Damit auch im Bund tatsächlich umgesetzt wird, soll nicht nur ein Zuständiger in jedem Ressort benannt, sondern auch ein Informationssicherheitsbeauftragter des Bundes (CISO Bund) eingeführt werden. Der könnte in bestimmten, dringenden Situationen auch unmittelbar IT-Maßnahmen anordnen, so der Entwurf. Unklar ist derzeit aber noch, wer diese Rolle tatsächlich ausfüllen soll: Aufgrund der weitgehenden Befugnisse, auch in die Geschäftsbereiche der jeweiligen Ministerien hinein agieren zu dürfen, ist das eine auch politisch heikle Aufgabe.

Gleiches gilt auch für die Frage des Schwachstellenmanagements. Hoch umstritten ist, ob die Weitermeldung von Sicherheitslücken an die Anbieter etwa auch Meldungen aus dem Sicherheitsapparat umfassen sollen. Der Entwurf aus dem Bundesinnenministerium bleibt hier merklich hinter den Vorgaben des Koalitionsvertrags zurück.
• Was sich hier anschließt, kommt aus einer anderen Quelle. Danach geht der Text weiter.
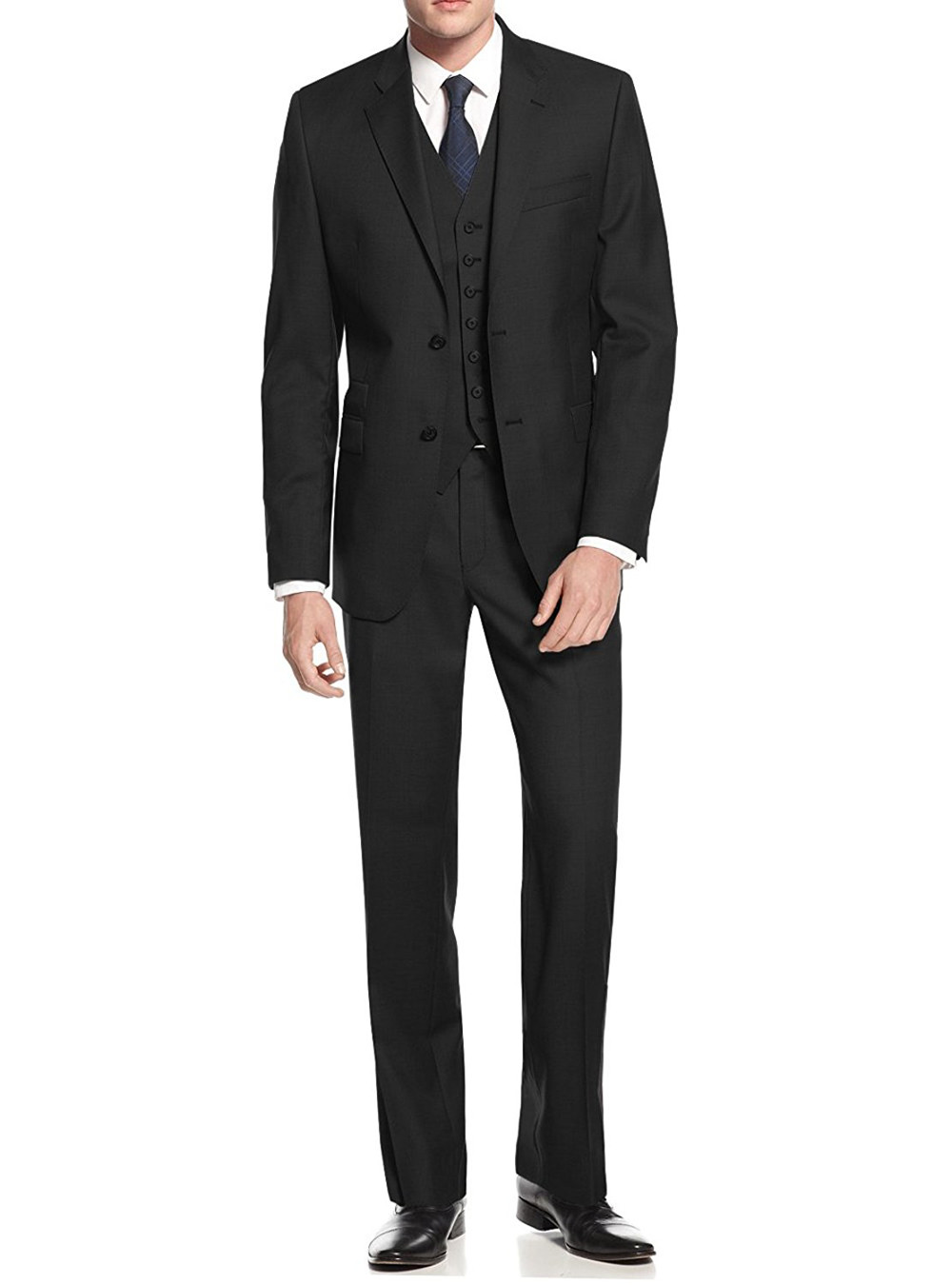 Mens Salvatore Exte Vested 3-Piece Suit Center Vent Black
 - Image1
Der FDP-Politiker Manuel Höferlin fordert deshalb "ein effektives Schwachstellenmanagement, bei dem Schwachstellen so schnell wie möglich geschlossen, statt offengehalten werden und die IT-Systeme aller staatlichen Stellen regelmäßig externen Penetrationstests unterzogen werden." Hier wäre im parlamentarischen Verfahren also noch Nachschärfungspotenzial vorhanden.

Besondere Beachtung wird in der späteren Debatte absehbar dennoch vor allem der in den Referentenentwürfen seit Dezember fast unveränderte Paragraf 41 finden: Kritische Komponenten. Seit Jahren wird intensiv über die Untersagung des Einsatzes kritischer Komponenten gestritten. Die bisherige Regelung im BSI-Gesetz galt bislang ausschließlich für öffentlich zugängliche Mobilfunknetze – nicht für das Festnetz, nicht für andere Kommunikationsinfrastrukturen.
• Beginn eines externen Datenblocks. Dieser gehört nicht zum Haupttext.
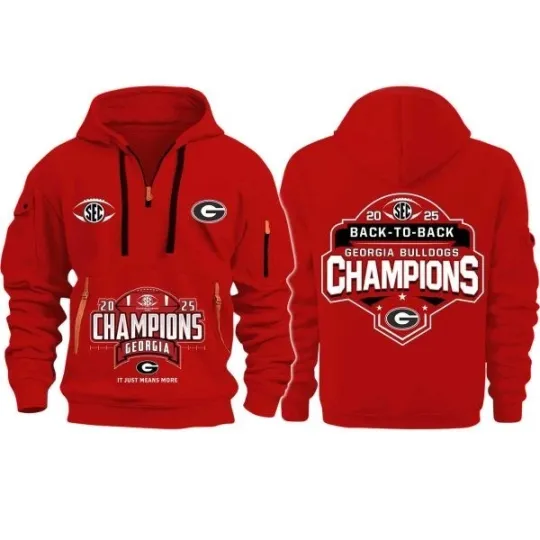 Discover Bulldogs Back To Back SEC Champions 2025 Quarter Zip Hoodie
Mit der deutschen NIS2-Umsetzung soll diese Regelung zur Abwehr von für politisch unzuverlässig erachteten Lieferanten oder Herkunftsländer auf jeden erstmaligen Einsatz von IKT-Produkten in kritischen Infrastrukturen insgesamt ausgeweitet werden. Die Hersteller müssen eine Erklärung abgeben, dass sie nichts Böses im Schilde führen und keinen fremden Mächten dienen. Ob das glaubwürdig ist, prüfen dann Innenministerium und dessen nachgeordnete Behörden. Sprich: Auch ein Switch oder ein Edge-Router eines 5G-Campusnetzes könnte dann vom Bundesinnenministerium verboten werden.
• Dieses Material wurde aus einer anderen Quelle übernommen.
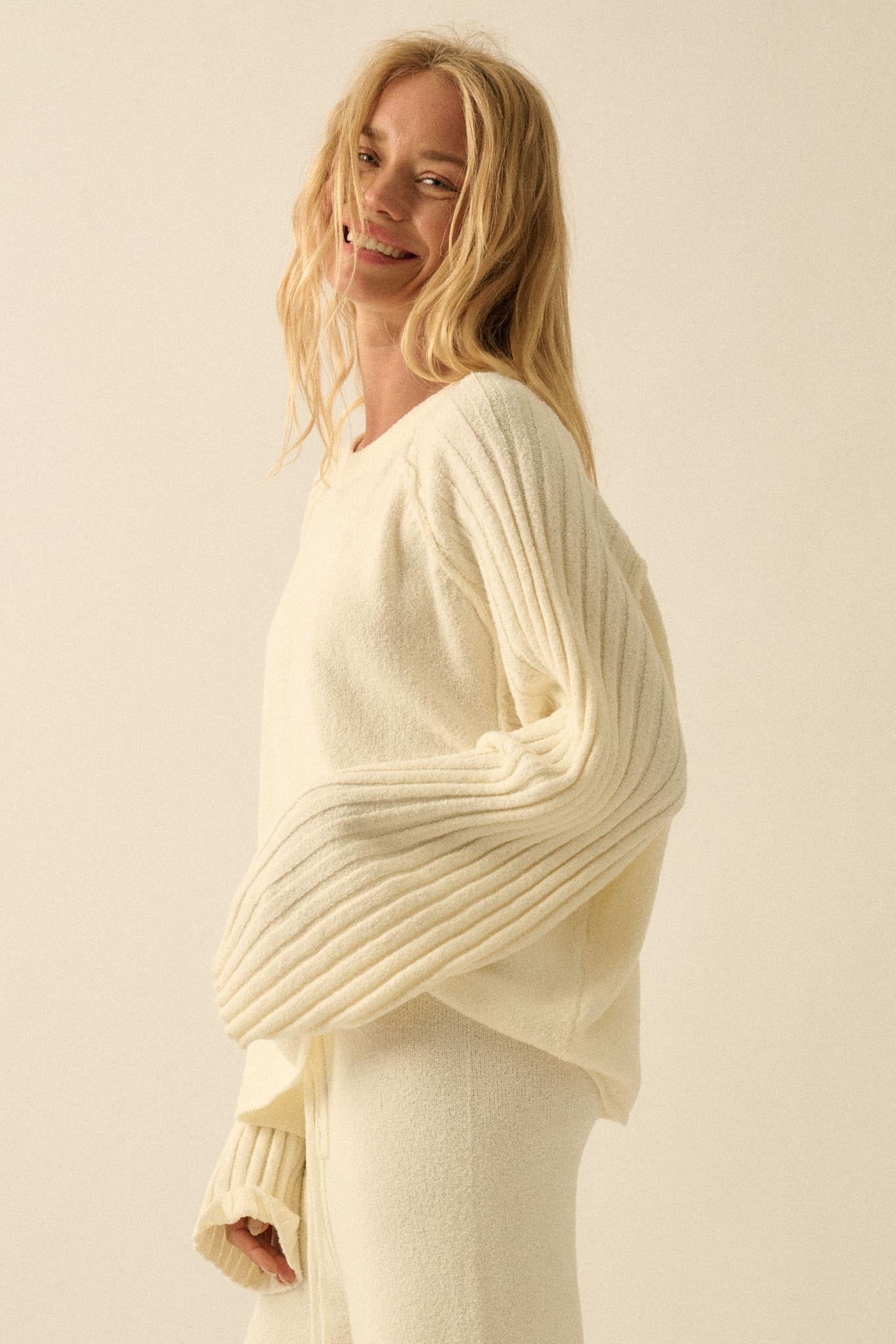 Promise the Label Textured Ribbed-Sleeve Sweater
Hier dürfte spannend werden, wie sich der Bundestag verhält: Während die Bundesregierung sich auf dem politisch rutschigen Parkett der Abhängigkeit von China etwas zurückhält, sind die Abgeordneten im Bundestag weniger daran gebunden. Er wolle das Gesetz nachschärfen, sagt der Grünen-Abgeordnete von Notz, "gerade beim Blick auf den Umgang mit kritischen Komponenten." Das Ziel für ihn sei klar: "Je weniger Komponenten von Anbietern aus autoritären Staaten in unseren kritischen Infrastrukturen verbaut sind, desto besser." Die Fehler der Vergangenheit, sich in zu starke Abhängigkeit von autoritären Staaten zu begeben, sollten nicht wiederholt werden.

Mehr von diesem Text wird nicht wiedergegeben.